I have two dataframes and I want to compare df2 with df1 in order to show the "id_number missing" that are not in df1 but are in df2.
I have a script where I end up with more missing values than expected because I am not comparing the two dataframes on the same date range.
I want to compare the two dataframes on the same date range. For example I don't wan't the id_number "BXhshhsd589" to be shown in the result because the shared date range between the two tables starts from 5/09/22 and end on 10/09/22 (and not beyond).

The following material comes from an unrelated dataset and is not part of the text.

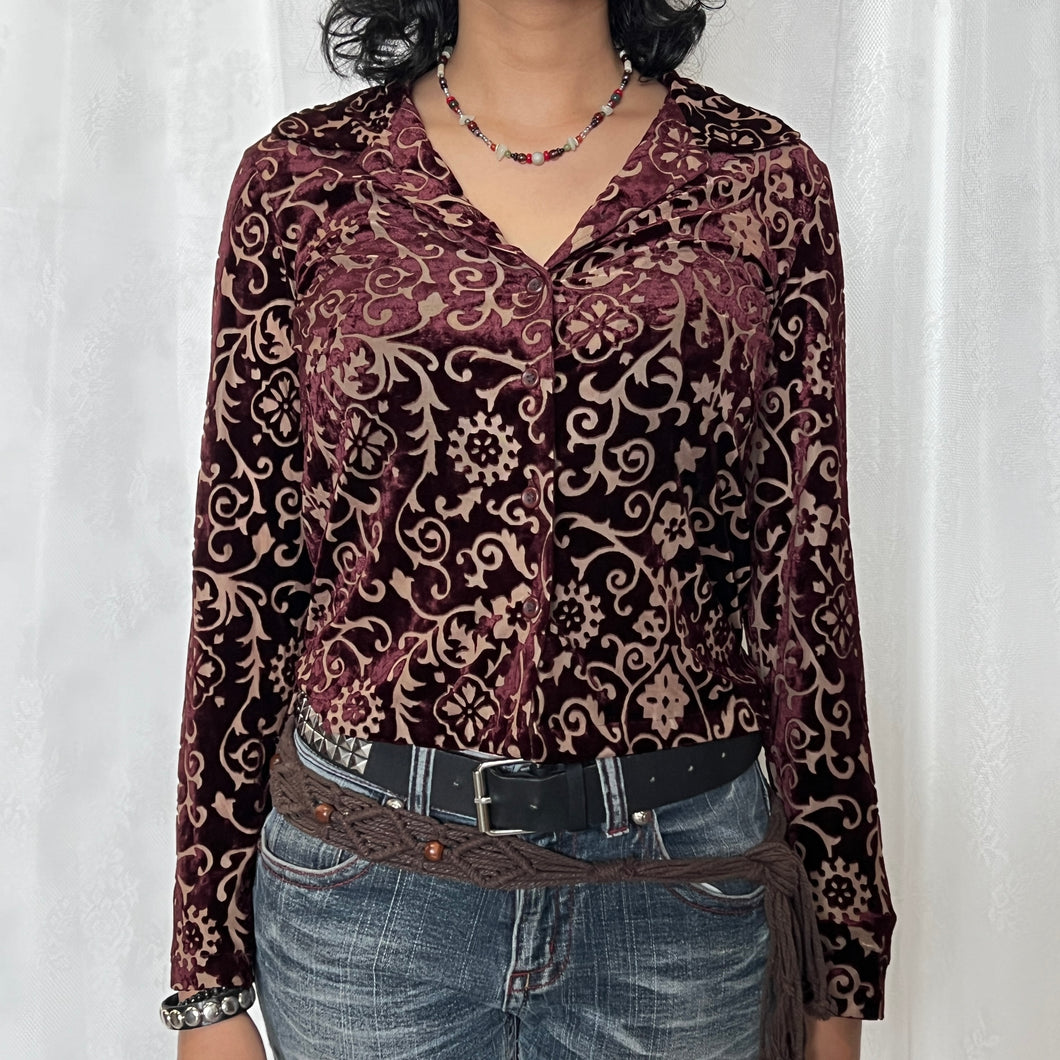 Burgundy Velvet Oriental Pattern Button Long Sleeves Top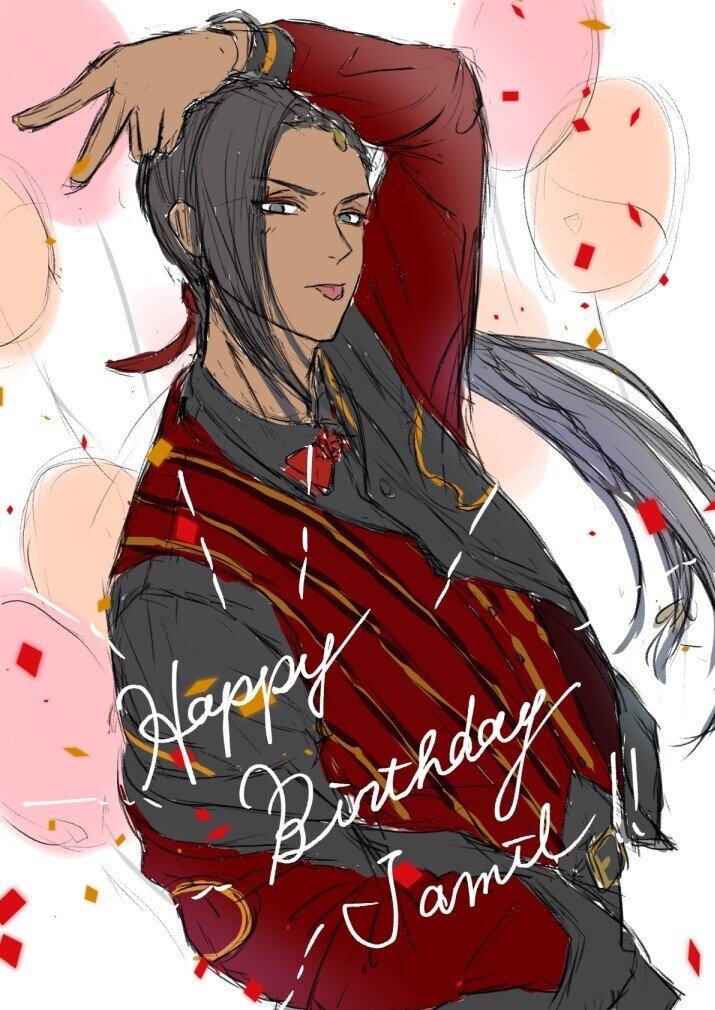 ジャミル誕生日イラストの振り返り あんず楓依 Note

I was looking for an automatic way to find these "shared date range" without having to manually write them.
How can I do this?
Here is my code:
import pandas as pd
data1 = {'date': ['5/09/22', '7/09/22', '7/09/22','10/09/22'],
'second_column': ['first_value', 'second_value', 'third_value','fourth_value'],
'id_number':['AA576bdk89', 'GG6jabkhd589', 'BXV6jabd589','BXzadzd589'],
'fourth_column':['first_value', 'second_value', 'third_value','fourth_value'],
}
data2 = {'date': ['5/09/22', '7/09/22', '7/09/22', '7/09/22', '7/09/22', '11/09/22'],
'second_column': ['first_value', 'second_value', 'third_value','fourth_value', 'fifth_value','sixth_value'],
'id_number':['AA576bdk89', 'GG6jabkhd589', 'BXV6jabd589','BXV6mkjdd589','GGdbkz589', 'BXhshhsd589'],
'fourth_column':['first_value', 'second_value', 'third_value','fourth_value', 'fifth_value','sixth_value'],
}
df1 = pd.DataFrame(data1)
df2 = pd.DataFrame(data2)
m = df2.merge(df1, on=['date','id_number'], how='left', indicator=True)['_merge'].ne('both')
df = df2[m]
print (df)
CodePudding user response:
Convert your date
columns to a datetime
object and then compare the .min()
and .max()
values of the columns in the dataframes:
df1.loc[:,'date'], df2.loc[:,'date'] = (pd.to_datetime(col) for col in [df1.date, df2.date])
df1_cut = df1[df1.date.ge(df2.date.min()) & df1.date.le(df2.date.max())]
df2_cut = df2[df2.date.ge(df1.date.min()) & df2.date.le(df1.date.max())]
merged = df2_cut.merge(df1_cut, on=['date','id_number'], how='left', indicator=True)['_merge'].ne('both')
df = df2_cut[merged]
print(df)